Babar warns against falsification at HR review moot in Geneva

By Asim Yasin
November 12, 2017

ISLAMABAD: The PPP Senator Farhatullah Babar said on Saturday that on the eve of review by the UN of human rights situation in Pakistan it is a grim thought that citizens’ rights have been dangerously abridged by both the state and non-state actors in the country.

At the Universal Periodic Review (UPR) in Geneva on Monday, member states will present national reports of human rights situation in their countries and also explain measures taken to implement the promises made at previous reviews. Foreign Minister Khawaja Asif will lead the delegation which also includes officials of the Human Rights Ministry.

In a statement, Farhatullah Babar said that falsifying human rights situation in Pakistan would do us no proud. He said the international community will be sympathetic towards any shortcomings in view of the challenges we face but it will never condone if we tell downright lies at the review.

He said this year the National Commission on Human Rights (NCHR) and independent bodies will also be present at the review conference and any falsification will be far more difficult than in the past. “It should also be borne in mind that our international trade, particularly with the EU, also hinges on our human rights record,” he said.
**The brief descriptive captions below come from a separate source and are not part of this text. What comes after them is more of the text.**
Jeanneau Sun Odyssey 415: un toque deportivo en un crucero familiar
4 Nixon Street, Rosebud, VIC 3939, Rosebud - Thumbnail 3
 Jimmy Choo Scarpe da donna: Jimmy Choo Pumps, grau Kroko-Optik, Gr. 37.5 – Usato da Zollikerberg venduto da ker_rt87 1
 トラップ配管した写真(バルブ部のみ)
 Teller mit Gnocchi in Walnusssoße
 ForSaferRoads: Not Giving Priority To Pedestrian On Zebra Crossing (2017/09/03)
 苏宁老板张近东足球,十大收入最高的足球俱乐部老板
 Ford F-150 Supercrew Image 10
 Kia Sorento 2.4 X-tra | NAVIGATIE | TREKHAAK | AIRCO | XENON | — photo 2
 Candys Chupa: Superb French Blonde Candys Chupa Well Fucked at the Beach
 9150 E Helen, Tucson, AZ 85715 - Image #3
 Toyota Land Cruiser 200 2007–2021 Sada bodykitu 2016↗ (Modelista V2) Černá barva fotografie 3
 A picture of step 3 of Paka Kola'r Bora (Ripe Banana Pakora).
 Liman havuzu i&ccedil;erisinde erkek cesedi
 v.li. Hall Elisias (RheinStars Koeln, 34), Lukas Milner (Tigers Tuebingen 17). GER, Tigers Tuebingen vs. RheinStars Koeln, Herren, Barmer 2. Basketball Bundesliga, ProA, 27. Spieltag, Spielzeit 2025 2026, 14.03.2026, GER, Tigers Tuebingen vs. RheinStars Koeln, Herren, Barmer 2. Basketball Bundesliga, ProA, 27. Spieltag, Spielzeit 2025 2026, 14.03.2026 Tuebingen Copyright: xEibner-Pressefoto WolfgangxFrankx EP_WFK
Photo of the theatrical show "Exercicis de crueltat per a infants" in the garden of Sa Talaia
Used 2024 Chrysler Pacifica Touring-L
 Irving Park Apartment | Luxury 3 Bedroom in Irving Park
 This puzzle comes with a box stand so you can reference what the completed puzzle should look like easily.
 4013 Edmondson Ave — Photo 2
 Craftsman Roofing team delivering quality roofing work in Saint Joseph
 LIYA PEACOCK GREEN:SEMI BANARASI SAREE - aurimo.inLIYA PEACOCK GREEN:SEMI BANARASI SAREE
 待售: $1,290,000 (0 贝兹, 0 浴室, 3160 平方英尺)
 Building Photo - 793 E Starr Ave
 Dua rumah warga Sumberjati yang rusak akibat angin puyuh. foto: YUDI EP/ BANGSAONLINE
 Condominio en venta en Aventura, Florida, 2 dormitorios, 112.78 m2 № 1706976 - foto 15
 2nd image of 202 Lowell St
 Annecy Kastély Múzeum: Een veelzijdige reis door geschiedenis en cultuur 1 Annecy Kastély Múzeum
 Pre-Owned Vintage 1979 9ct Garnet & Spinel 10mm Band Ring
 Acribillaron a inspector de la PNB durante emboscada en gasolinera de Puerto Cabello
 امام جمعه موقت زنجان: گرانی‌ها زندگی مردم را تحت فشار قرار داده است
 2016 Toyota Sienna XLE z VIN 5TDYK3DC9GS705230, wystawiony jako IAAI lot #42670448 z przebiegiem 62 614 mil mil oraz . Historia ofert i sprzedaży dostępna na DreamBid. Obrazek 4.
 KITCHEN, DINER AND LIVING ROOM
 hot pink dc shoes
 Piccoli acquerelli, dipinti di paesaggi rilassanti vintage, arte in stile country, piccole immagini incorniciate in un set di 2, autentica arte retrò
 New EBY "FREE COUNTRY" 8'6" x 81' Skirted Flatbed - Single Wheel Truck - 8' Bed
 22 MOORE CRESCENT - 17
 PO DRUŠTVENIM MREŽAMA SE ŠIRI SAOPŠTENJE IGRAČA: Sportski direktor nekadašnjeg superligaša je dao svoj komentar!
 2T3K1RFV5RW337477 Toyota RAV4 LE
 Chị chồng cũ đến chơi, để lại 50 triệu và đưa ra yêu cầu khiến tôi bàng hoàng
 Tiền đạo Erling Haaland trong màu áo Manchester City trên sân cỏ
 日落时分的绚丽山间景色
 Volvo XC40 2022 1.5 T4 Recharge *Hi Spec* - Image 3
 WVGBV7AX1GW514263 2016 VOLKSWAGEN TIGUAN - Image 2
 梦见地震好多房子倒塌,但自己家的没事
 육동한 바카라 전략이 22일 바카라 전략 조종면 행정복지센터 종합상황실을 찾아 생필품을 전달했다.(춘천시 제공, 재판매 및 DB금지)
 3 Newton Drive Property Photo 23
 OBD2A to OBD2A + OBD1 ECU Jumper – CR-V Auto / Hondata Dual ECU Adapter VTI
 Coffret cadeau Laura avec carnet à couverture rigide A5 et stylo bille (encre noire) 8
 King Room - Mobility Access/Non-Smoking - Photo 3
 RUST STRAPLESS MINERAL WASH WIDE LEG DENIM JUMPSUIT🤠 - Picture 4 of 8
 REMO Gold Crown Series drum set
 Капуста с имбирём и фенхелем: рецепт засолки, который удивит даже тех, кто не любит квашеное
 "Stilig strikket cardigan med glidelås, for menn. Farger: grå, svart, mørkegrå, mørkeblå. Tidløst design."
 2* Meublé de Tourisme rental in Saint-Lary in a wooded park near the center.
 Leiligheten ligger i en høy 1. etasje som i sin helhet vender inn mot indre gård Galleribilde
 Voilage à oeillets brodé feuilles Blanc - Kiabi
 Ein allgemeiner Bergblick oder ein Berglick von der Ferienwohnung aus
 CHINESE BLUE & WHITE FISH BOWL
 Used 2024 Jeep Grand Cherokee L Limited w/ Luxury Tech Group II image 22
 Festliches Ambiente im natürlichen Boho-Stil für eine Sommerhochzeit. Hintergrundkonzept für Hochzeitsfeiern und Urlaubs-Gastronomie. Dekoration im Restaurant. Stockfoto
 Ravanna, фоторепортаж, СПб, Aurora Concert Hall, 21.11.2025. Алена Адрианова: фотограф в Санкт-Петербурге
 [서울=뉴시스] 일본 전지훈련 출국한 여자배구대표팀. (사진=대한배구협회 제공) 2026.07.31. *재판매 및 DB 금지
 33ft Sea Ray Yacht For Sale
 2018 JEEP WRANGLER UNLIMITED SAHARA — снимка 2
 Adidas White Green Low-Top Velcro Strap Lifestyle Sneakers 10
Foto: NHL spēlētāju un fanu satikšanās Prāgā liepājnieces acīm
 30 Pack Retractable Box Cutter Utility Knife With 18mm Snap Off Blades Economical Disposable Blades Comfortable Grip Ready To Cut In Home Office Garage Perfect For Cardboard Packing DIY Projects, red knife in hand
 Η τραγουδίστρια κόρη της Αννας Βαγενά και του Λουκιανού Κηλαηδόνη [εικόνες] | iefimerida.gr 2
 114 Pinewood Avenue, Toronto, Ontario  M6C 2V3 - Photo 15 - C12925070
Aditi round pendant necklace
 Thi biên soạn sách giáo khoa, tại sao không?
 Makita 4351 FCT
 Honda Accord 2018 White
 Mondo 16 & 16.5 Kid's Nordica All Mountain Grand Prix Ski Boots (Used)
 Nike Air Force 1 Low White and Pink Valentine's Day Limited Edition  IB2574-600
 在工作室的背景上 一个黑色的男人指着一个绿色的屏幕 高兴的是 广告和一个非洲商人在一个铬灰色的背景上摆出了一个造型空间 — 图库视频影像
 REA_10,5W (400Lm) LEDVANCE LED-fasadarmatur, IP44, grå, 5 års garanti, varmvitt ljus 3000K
Babar said that at the previous review Pakistan had agreed to criminalise enforced disappearances but the report is silent on this issue. “It would be a best to make a categorical announcement at the review moot that enforced disappearances will be criminalised before the end of the year,” he said.

Similarly, he said the claim that blasphemy laws are non-discriminatory and that no one has been punished under it is patently false. “It will be honest to admit that the fair and just implementation of blasphemy law presents challenges that the state is trying to address,” he said.

Babar said the professed commitment to promote freedom of expression is easily belied in the face of misuse of the Cyber Crimes Act 2016 to stifle dissent in the name of national security as in the case of a man from Balochistan recently charged with endangering the integrity of federation for his post on social media. He said that death penalty was not mentioned in the government report. “But the continued execution of convicts other than terrorists, the recent calls to send more cases to military courts and the Guantanamo Bay style internment centres will continue to haunt us,” he said.

He also proposed a three-step formula, saying: “Initiating a wider national debate on death penalty, criminalising enforced disappearances and making public full details of inmates of internment centres -- before the end of the year -- will help improve human rights record as well as Pakistan’s image.”